Dataset excerpts START

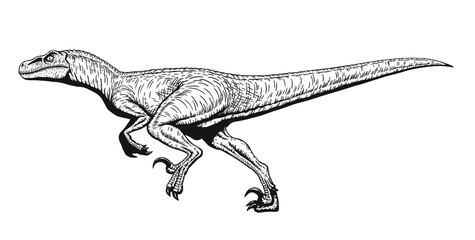 Running Velociraptor drawing line art, Raptor dinosaurs coloring page, Isolated on white background, Vector illustration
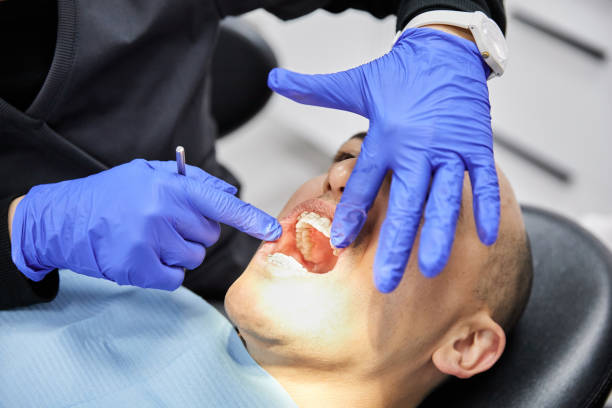 Best Mobile Emergency Dentist in Holland, MI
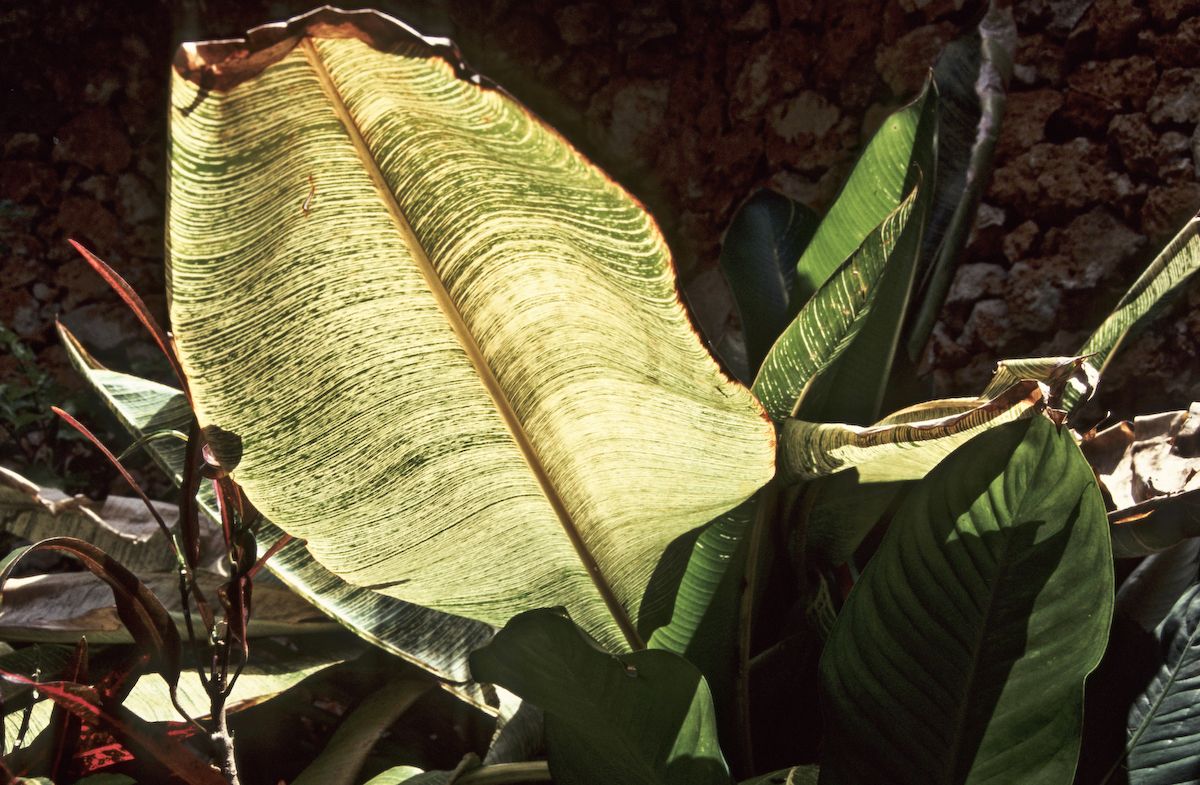 bali 1995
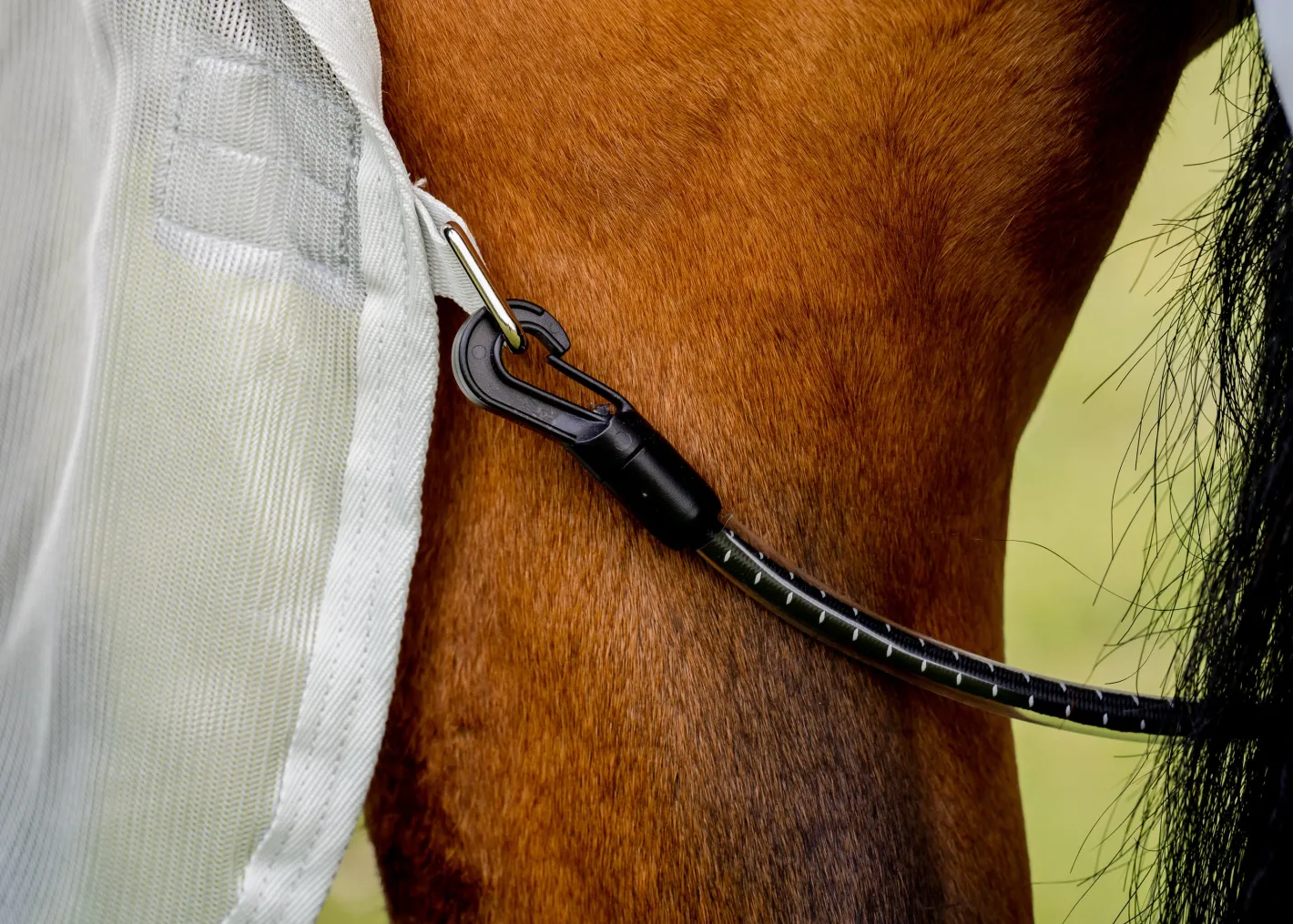 HORSEWARE ® Ireland Amigo® AmECO Combi (No Fill)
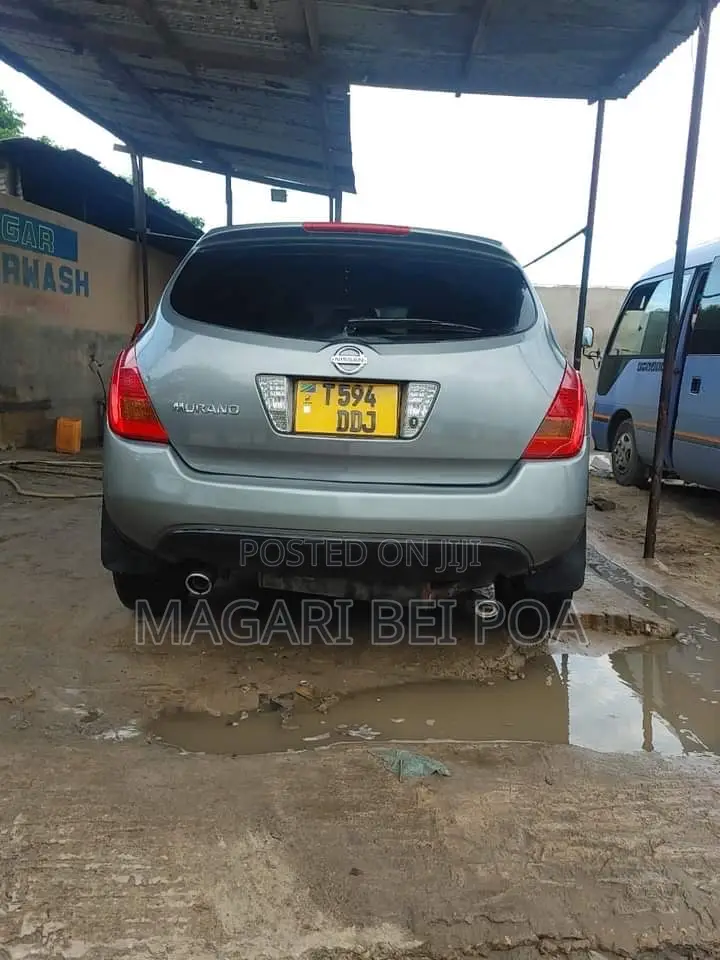 Nissan Murano 2004 Gray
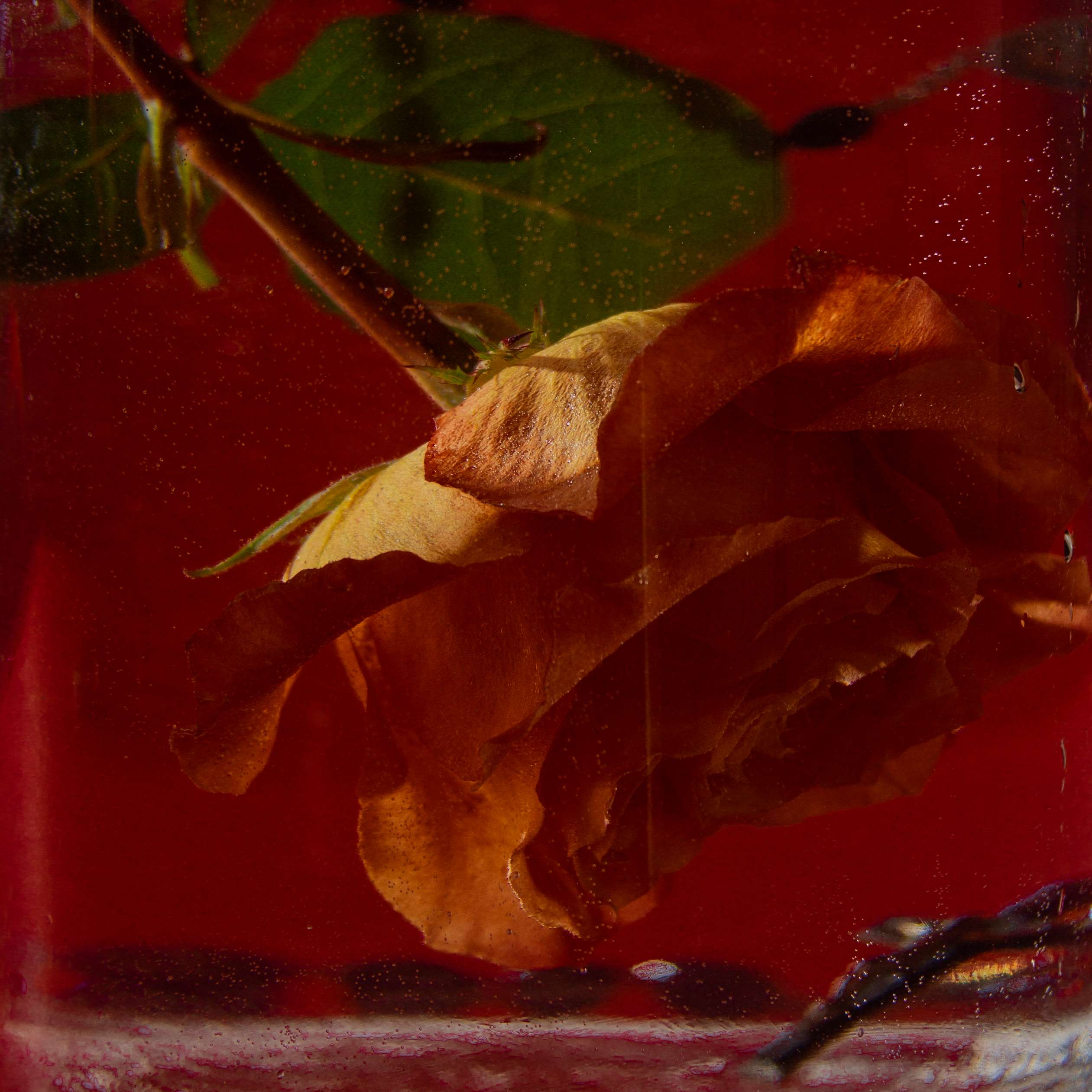 a rose in a glass of water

Dataset excerpts END

== What the task requires ==
Only the pictures stay out; the rest of the entries above must be written out exactly.

== Written solution ==
 Running Velociraptor drawing line art, Raptor dinosaurs coloring page, Isolated on white background, Vector illustration
 Best Mobile Emergency Dentist in Holland, MI
 bali 1995
 HORSEWARE ® Ireland Amigo® AmECO Combi (No Fill)
 Nissan Murano 2004 Gray
 a rose in a glass of water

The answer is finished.